Why AI Needs a New Data Format
The Problem: JSON Was Designed for Humans, Not AI
Every day, AI agents process millions of JSON payloads. They parse curly braces, quoted keys, escaped strings, nested objects — all conventions designed for human readability in the 1990s. But AI agents don't read. They tokenize.
Every redundant quote, every structural delimiter, every human-friendly naming convention costs tokens. And tokens cost money, latency, and context window space.
The data formats we use today — JSON, XML, YAML — were never designed with tokenization in mind. They were designed for human eyes. The result is that AI agents spend a significant portion of their processing budget on syntax rather than semantics.
The Data: 26–71% Token Reduction
We didn't just theorize. We benchmarked. Across 9 live model APIs (MiMo, DeepSeek, Grok, GLM-5.1, Qwen3.6, Hy3, Kimi-K2.6, Nex-N2, and more), we tested MarkZero (Agent IR) against JSON, Markdown, TOON, and other formats.
The results:
| Scenario | MarkZero | JSON | Markdown | Reduction |
|---|---|---|---|---|
| Java OOM (flat, repeated data) | 137 tokens | 192 tokens | 154 tokens | 28.6% |
| LLM Reasoning (AST Node Repair) | 687 tokens | 928 tokens | — | 26% |
| Nested JS (after escaper fix) | 120 tokens | 157 tokens | — | 23.6% |
The range is 26–71% because efficiency depends on data shape. Flat, repeated data benefits most from value interning. The pattern is clear: the more structured data you throw at an LLM, the more tokens you save with Agent IR.
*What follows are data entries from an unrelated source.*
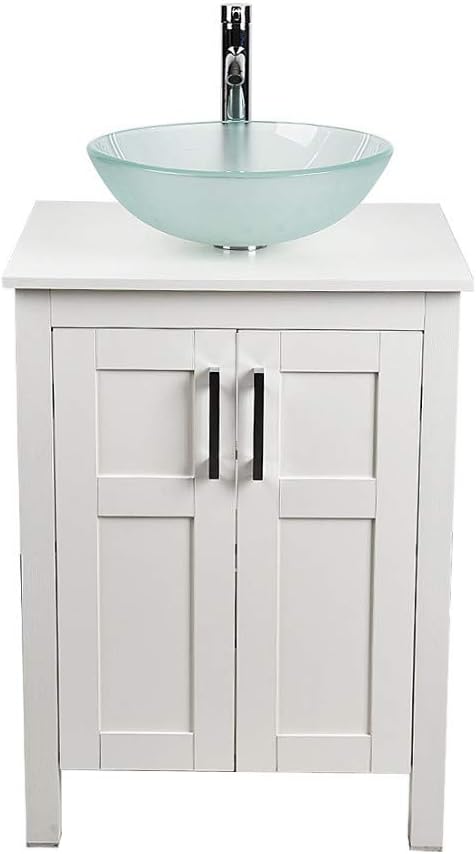 24 Inches White Single Bathroom Vanity Set with Top and 2-Door Cabinet M967727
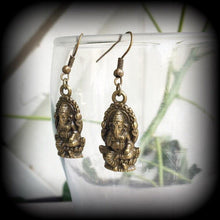 Load image into Gallery viewer, Ganesh earrings ,Elephant earrings, Ganesha jewelry, Elephant god, Shiva, Indian jewelry, Ganesha earrings, Ganesh Chaturthi, Gauges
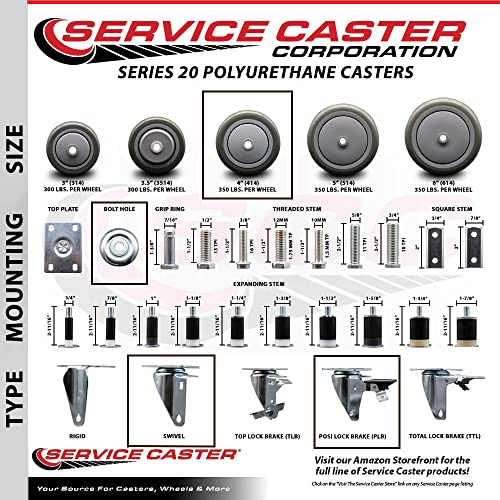 Polyurethane Swivel Bolt Hole Caster Set of 4 w/4" x 1.25" Gray Wheels - Includes 4 Swivel with Posi Lock Brakes - 1400 lbs Total Capacity - Service Caster Brand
The Key Insight: Agent IR vs Human IR
Here's what makes this fundamentally different from every other "compact format" proposal:
TOON, ONTO, JTON, TERSE — they all use visual delimiters. Indentation, columnar alignment, special characters arranged to be visually parsable by humans. They're still Human IR (Intermediate Representation).
Agent IR is different. It doesn't try to be readable. It uses flat relational referencing — values are interned once and referenced by position. The "markup" is optimized for tokenization, not for your eyes.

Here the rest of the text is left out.